The customers are mostly silent, studiously perusing racing forms and glancing over bifocal lenses at the large-screen TVs to see thoroughbred horses approach starting gates at tracks across the country. Occasionally a customer hurriedly approaches one of the facility's touch-screen betting machines to make a simulcast wager and then watches TV again while a satellite beams the image of the horse race-live-into the clubhouse.
Outside, the grandstand and track are quiet and bereft of life, except for a few pacing smokers and an occasional blade of grass reaching through the untended oval's sandy surface.
Once a favorite activity attracting families, retirees and tourists from Tampa to Port Charlotte, a summer day at the Sarasota track is now strangely sedate. The track draws larger crowds when live races run during the busier winter season but, if state statistics are any indication, the subdued atmosphere is becoming more common at venues across Florida.
Over a 10-year span ending with the 2003-2004 season, the total handle, or amount wagered, at Florida greyhound tracks decreased by 39 percent, according to numbers released by the Florida Department of Business and Professional Regulation. That number is misleading, too, since it is buoyed by simulcast dog and thoroughbred racing; betting on live dog races decreased by 62 percent during the same period.

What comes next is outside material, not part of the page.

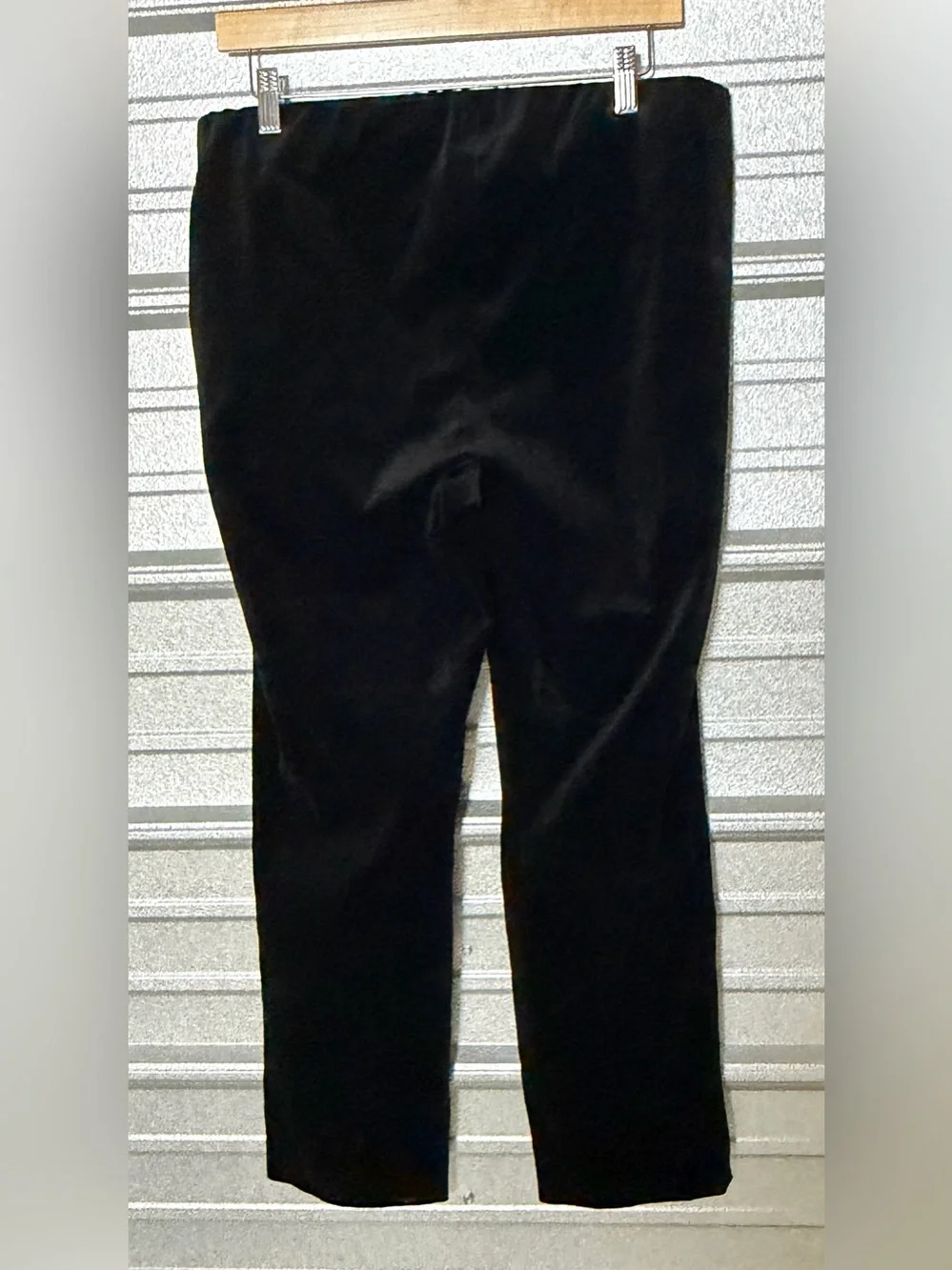 Vince black velvet pants L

Although a state report on last year's racing season has not been released, the industry's total handle decreased by another 9.5 percent in 2004-2005, according to DPBR spokesperson Kristen Ploska.
Track owners, dog breeders and kennel operators say increased competition from the Florida Lottery, the Internet, Indian casinos and gambling boats unfairly threatens a historic industry that employed almost 5,000 Floridians last year and provided the state with nearly $25 million in total tax revenue.

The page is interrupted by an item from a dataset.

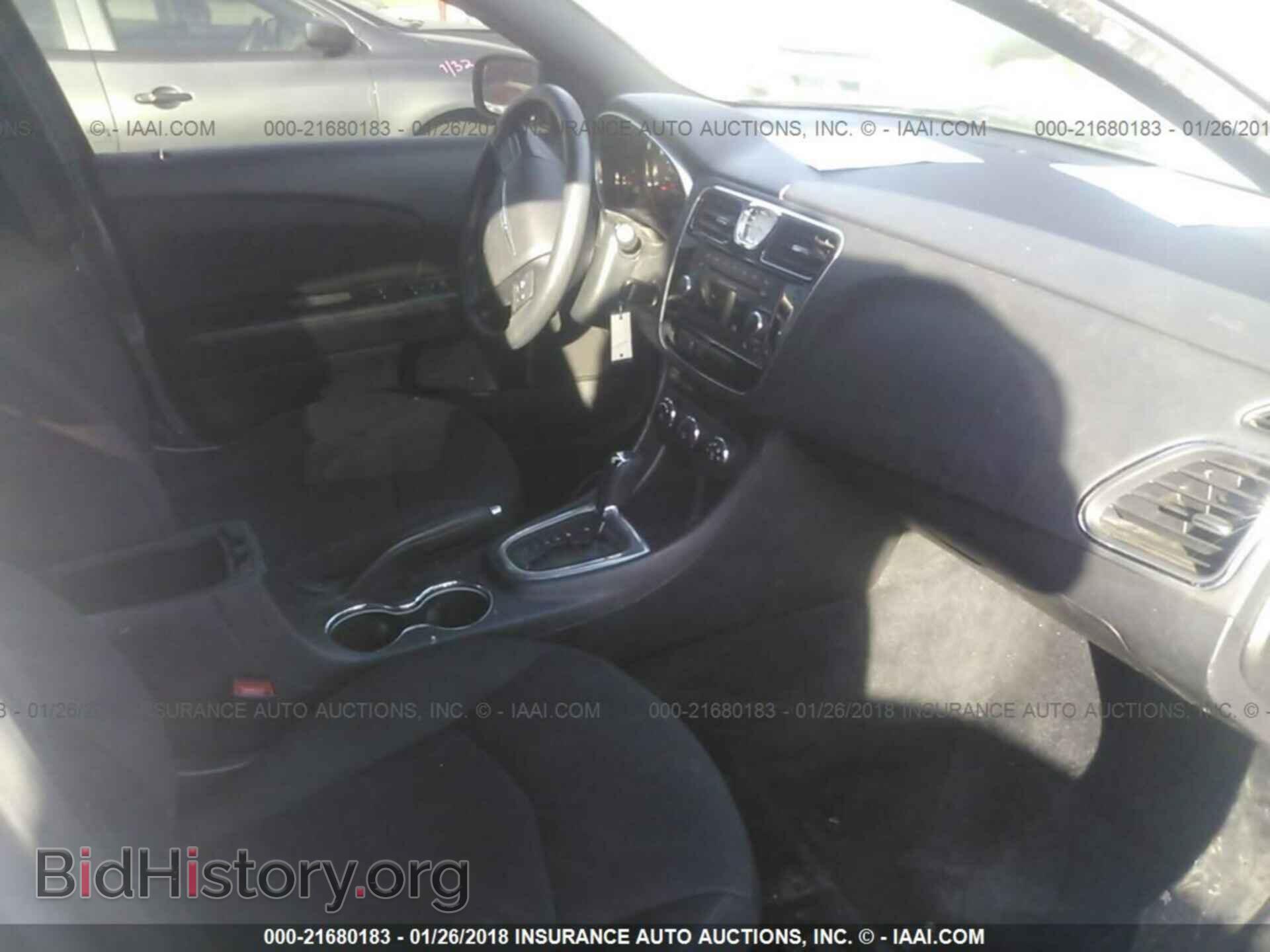 2013 Chrysler 200 - VIN: 1C3CCBAB6DN689801 - Фото 5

The industry's critics say dog racing is on life support, and without generous tax breaks from the Florida legislature and new laws allowing additional gaming at the tracks, a sport marred by its cruel treatment toward animals would soon die a well-deserved death.

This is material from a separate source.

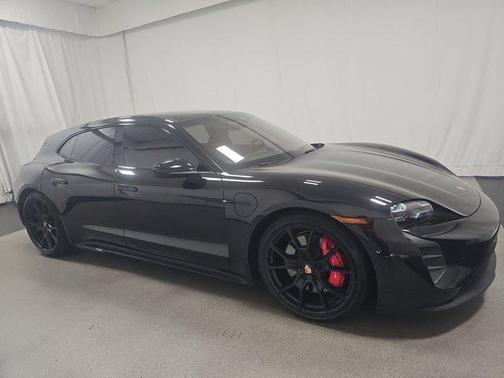 2024 Porsche Taycan GTS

DOGHOUSE DEMOGRAPHICS The Sarasota Kennel Club is a good example of dog racing's changing fortunes. Despite rapid growth and healthy tourism along the Gulf Coast, the track has seen a significant decline in the amount of money wagered on live dog racing over the past 15 years.
Simulcast betting and a longer racing season have bolstered business during that time, but profits are decreasing. At the same time, expenses have risen dramatically because of the expanded schedule, says Jack Collins, the track's vice president and general manager. Collins' family has owned and operated the facility on Bradenton Road since his grandfather, Jerry Collins, bought it in 1944.
"Since 1988, the Florida Lottery has affected our business a great deal," says Collins. "We used to run in the summertime, to alternate with the track in Tampa and Derby Lane in St. Petersburg. Now, we have live racing five months a year during the winter, when tourists are here, and simulcast racing six days a week, year-round."
One problem leading to the track's dwindling profit margin is this region's changing demographics. Greyhound fans have tended to be older, and many of those who filled grandstands in the 1970s and '80s have died. As the region grows, the proportion of working-age adults increases and rising property values mean new residents are often wealthier than some of the retirees who attended races in the past.
Tourism has also changed since dog racing's heyday. Over the past few decades, visitors have become more interested in the area's cultural and ecological resources than in traditional Florida attractions like dog racing.
"We keep information on the track at the visitors' center, but it doesn't show up in our surveys, except maybe as trace," says Jennifer Egrie of the Sarasota Convention and Visitors Bureau. "In July and August we do get some calls about our horse-racing schedule, but we know those people are thinking of Saratoga, not Sarasota."
RUNAWAY COMPETITION Demographics and tourism may be changing, but Florida residents and tourists are gambling more than ever, says Collins.
"We stress the entertainment aspect of racing, that you can spend $20 over four or five hours here," he explains. "But now, people spend that $20 gambling at just about any gas station or convenience store. Plus, there are Indian casinos and gambling boats all over the state. You're competing against forms of gambling you can't compete with."